Distance traveled today 41.6 miles. End point: N25*04.493 W77*18.748 Nassau Harbor Club, New Providence Island. Wayne's in a great deal of pain - his toe is really aggravating him - hope he didn't break it.
Cruiser's plans are written in jello...
02/27/2009, Frazer's Hog Cay
Friday, February 27, 2009
Well everyone but the green boat and us (I think he lives here while working on a house) pulled out at sunrise this morning. Lunatic Fringe had dragged in the twilight hours before dawn and was about on top of the green boat but they had flashed a light into his boat to get his attention so they were able to let loose of the mooring and pick up another one. I know last night I thought the green boat (Sunshine too) drug closer to us or we to them. When I checked our anchor alarm though we hadn't moved so if they were closer to us then their mooring dragged (and they never seem to move).
We decided to avoid the herding instinct (it's strong in humans).
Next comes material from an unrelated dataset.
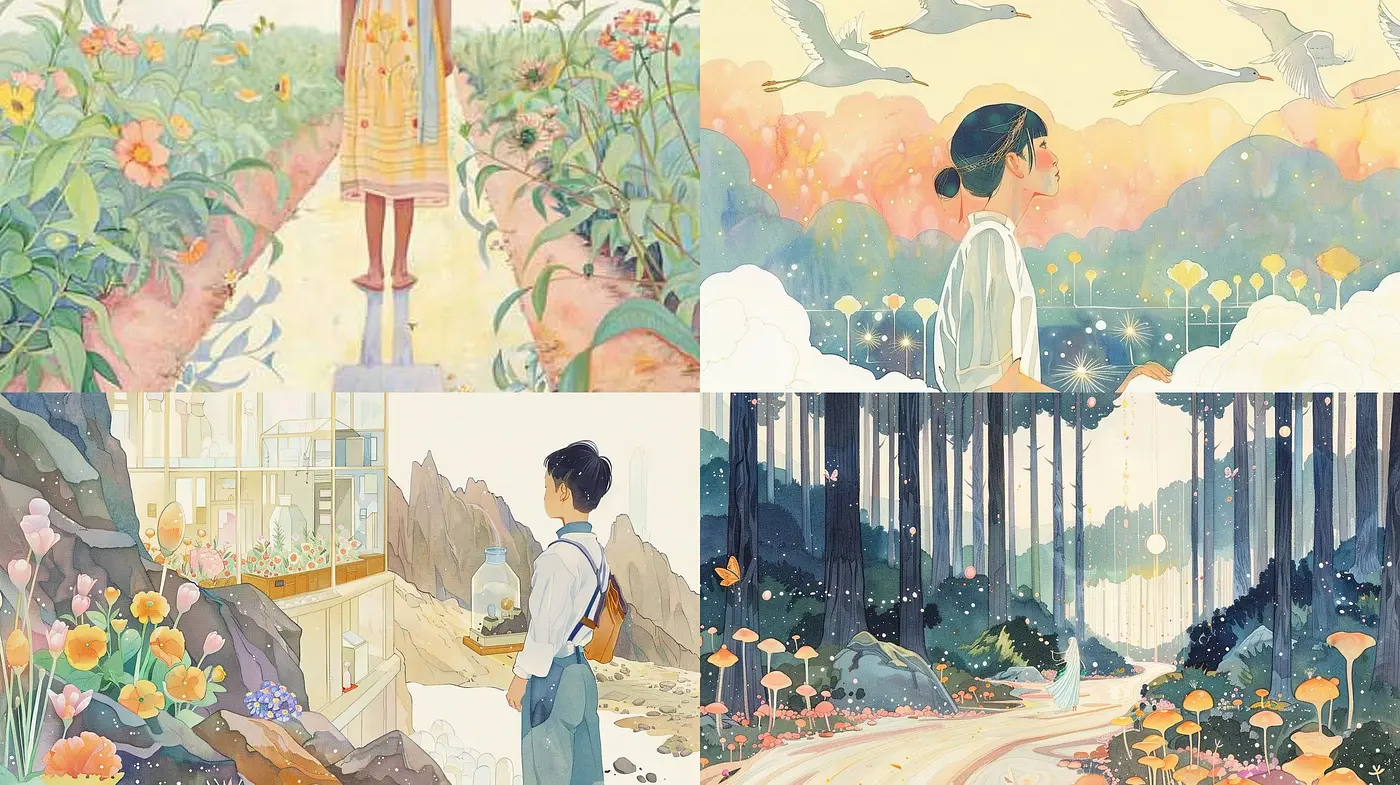 Ethereal Pastel Dreamscapes: A Serene Journey Through Whimsical Artistry - Midjourney sref style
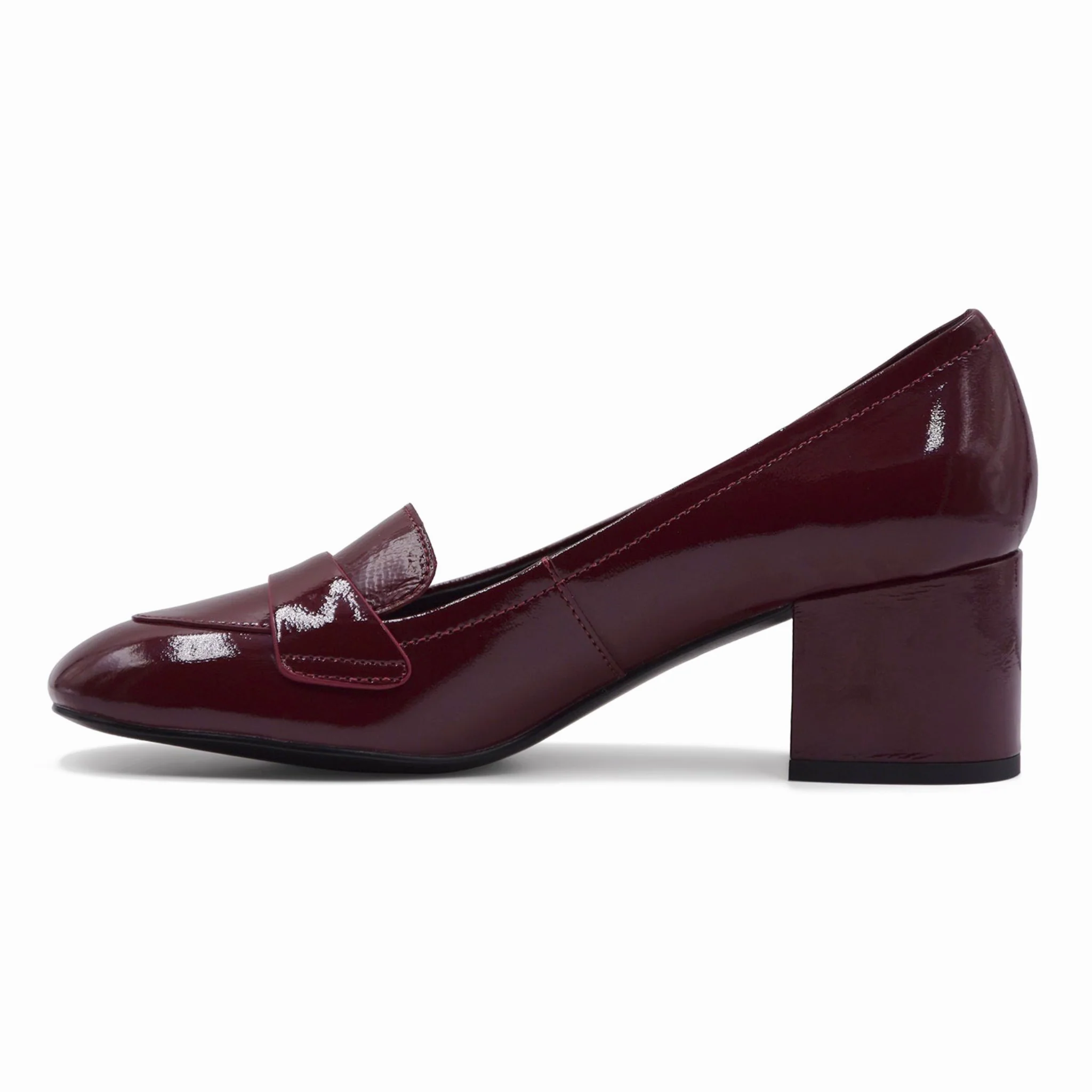 Bibi Lou Mocassini 700Z21VK Con Tacco Donna Pelle Bordeaux - Image 2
We went over our weather reports and charts again and turned on the fm radio to pick up local weather. The local weather for today mirrored the forecast for last night from Miami "NORTHEAST WINDS 15 TO 20 KNOTS. SEAS 3 TO 5 FEET." Tonight we're thinking it will be East winds 10-15 with seas down 2-4 ft and tomorrow looks more like the day to go (we're thinking East winds 5-10 with seas 2 ft). Looking at the charts and predicted winds we both concurred that with the distance of the fetch, the velocity of the wind, and the growing waves from last night and this morning opposing the out going tide into the tongue of the ocean, we'd be in for a rocking and rolling day. The winds wouldn't be dying down soon enough to suit our stomachs - not our favorite way to sail, so we decided to stay put one more day.
Brigid radioed to see what we were doing. They noticed everyone leaving. I told her we were going over the charts and weather and weren't sure. Originally we'd told them we'd be leaving today too but after last night and this morning - it was doubtful. She was going to try and pick up another weather forecast and call us back. When she called back, they'd decided to try it - we'd decided to stay put and asked if they were going to Morgan's Bluff or Fresh Creek? Morgan's Bluff is closer so I thought of either, that would be the one to try - 20 miles vs 40 +. Hope they make okay. She said she'd call us back and let us know how things were out there.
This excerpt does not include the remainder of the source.